Cuando un problema parece remitir, siempre aparece otro en su lugar. Nunca esta verdad ha sido tan evidente como en el caso del COVID-19, en la que desde el principio supimos que en cuanto la enfermedad remitiese todo el mundo pondría el foco en la situación económica que nos iba a dejar.
Las noticias económicas están ganando terreno poco a poco en las portadas, y así seguirá siendo, por desgracia, en los próximos meses. El gran debate se va a suscitar entre los que demandarán estímulos públicos para salir adelante, con la vista puesta a veces en su propio sector o grupo social, y los que demandarán precisamente lo contrario, recortes que impidan lo que ellos vaticinan: el colapso al que nos llevará el gasto público. El debate ya está ahí pero se acrecentará semana a semana, y tiene una versión más light pero igualmente controvertida: la petición de subidas de impuestos que otros hacen, precisamente, para no tener que recortar gastos o para poder aumentarlos.
En un contexto en que la deuda de nuestras administraciones públicas ha subido en pocos meses del 99% al… ¿110? del PIB, y es inevitable que siga haciéndolo en el futuro, hasta acabar el año bastante por encima de estas cotas, la cuestiones de en qué gastar más, en qué ahorrar más y de dónde sacar el dinero que nos va a faltar, son la base de las decisiones económicas que se adopten, y marcarán el acierto o error de las políticas gubernamentales. Todos son conscientes de que serán necesarios grandes cambios en estas políticas, pero discrepan precisamente sobre cuál debe ser la línea en que se produzcan estos cambios.
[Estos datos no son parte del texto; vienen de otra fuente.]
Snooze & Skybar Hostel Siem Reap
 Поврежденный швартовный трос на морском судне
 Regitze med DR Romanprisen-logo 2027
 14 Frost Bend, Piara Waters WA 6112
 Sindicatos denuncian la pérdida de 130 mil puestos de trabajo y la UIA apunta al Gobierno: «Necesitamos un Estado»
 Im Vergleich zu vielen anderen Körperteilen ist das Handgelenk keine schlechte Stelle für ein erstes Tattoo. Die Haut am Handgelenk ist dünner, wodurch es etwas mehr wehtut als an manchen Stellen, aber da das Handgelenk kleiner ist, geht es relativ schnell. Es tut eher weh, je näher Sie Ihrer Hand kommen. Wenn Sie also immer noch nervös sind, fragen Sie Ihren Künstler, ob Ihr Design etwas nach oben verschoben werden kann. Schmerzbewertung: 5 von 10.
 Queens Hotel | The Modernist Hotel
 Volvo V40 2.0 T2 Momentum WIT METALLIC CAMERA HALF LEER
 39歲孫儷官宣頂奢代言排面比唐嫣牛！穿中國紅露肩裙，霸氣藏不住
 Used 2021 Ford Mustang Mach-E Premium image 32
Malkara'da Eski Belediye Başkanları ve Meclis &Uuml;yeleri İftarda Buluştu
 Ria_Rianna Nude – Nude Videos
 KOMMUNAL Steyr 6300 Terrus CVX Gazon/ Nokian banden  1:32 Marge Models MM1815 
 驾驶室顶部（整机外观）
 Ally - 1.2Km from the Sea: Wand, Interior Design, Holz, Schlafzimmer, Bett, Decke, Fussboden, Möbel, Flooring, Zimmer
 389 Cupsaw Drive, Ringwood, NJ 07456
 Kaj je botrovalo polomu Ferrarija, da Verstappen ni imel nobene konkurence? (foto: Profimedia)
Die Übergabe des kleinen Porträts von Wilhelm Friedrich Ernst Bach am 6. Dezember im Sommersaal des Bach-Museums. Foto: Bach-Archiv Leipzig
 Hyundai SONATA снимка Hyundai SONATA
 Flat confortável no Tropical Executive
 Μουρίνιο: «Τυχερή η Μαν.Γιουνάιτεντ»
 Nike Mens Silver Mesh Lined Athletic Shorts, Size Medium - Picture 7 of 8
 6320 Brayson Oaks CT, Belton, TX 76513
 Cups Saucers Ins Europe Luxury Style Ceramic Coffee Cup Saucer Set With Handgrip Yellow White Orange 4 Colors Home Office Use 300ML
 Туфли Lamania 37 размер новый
Con todo ese debate en ciernes se olvida una cuestión de cierta importancia: la inflación. Una inflación galopante es mala, pero una bajada continua de precios puede resultar catastrófica para una economía. La Unión Europea está ya en riesgo de caer en deflación, aunque la mayoría de países aguantan aún con tasas positivas. En España, por nuestra parte, todas las comunidades autónomas están ya en cifras negativas salvo Canarias, y el conjunto del país marcó un -0,7% en el mes de abril. La falta de actividad económica y la desescalada más lenta que en otros países tendrán su efecto en este índice, y pueden acabar creando un problema serio a los deudores particulares: en un contexto de bajadas de precios, sus deudas (sus hipotecas, sus préstamos) cada vez serían más difíciles de pagar, porque su importe efectivo será mayor. Quien adeuda 50.000 euros en un ambiente deflacionario debe, cada mes que pasa, más que quien lo hace en un ambiente económico expansivo. Además, si la deflación se hace crónica, tiene otro efecto perverso: retrasa las decisiones económicas, por ejemplo las de consumo, porque esperar para comprar permite asegurarse mejores precios. Y eso, cuando precisamente necesitamos más demanda para reactivar la actividad, puede significar la tumba del empleo.
Este es el panorama, y por eso algunos ponen especial énfasis en lograr que no acabe por instalarse en España ni en el conjunto de la Unión Europea un ambiente deflacionario. En unos días conoceremos el dato adelantado de inflación de mayo, que será clave para evaluar la situación, aunque las auténticas conclusiones, las casi definitivas, las podremos sacar pasado el verano. Al mismo tiempo, en poco más de una semana, también tendremos los resultados mensuales del paro en las oficinas de empleo, y empezarán a publicarse indicadores más generales de coyuntura económica que incluirán ya la situación posterior al inicio de la crisis del coronavirus.
Bienvenidos a la nueva realidad, en la que, por suerte, de momento los datos de fallecidos por el COVID-19 cada vez despertarán menos atención mediática, pero, en cambio, estas otras cifras cada vez tendrán más protagonismo.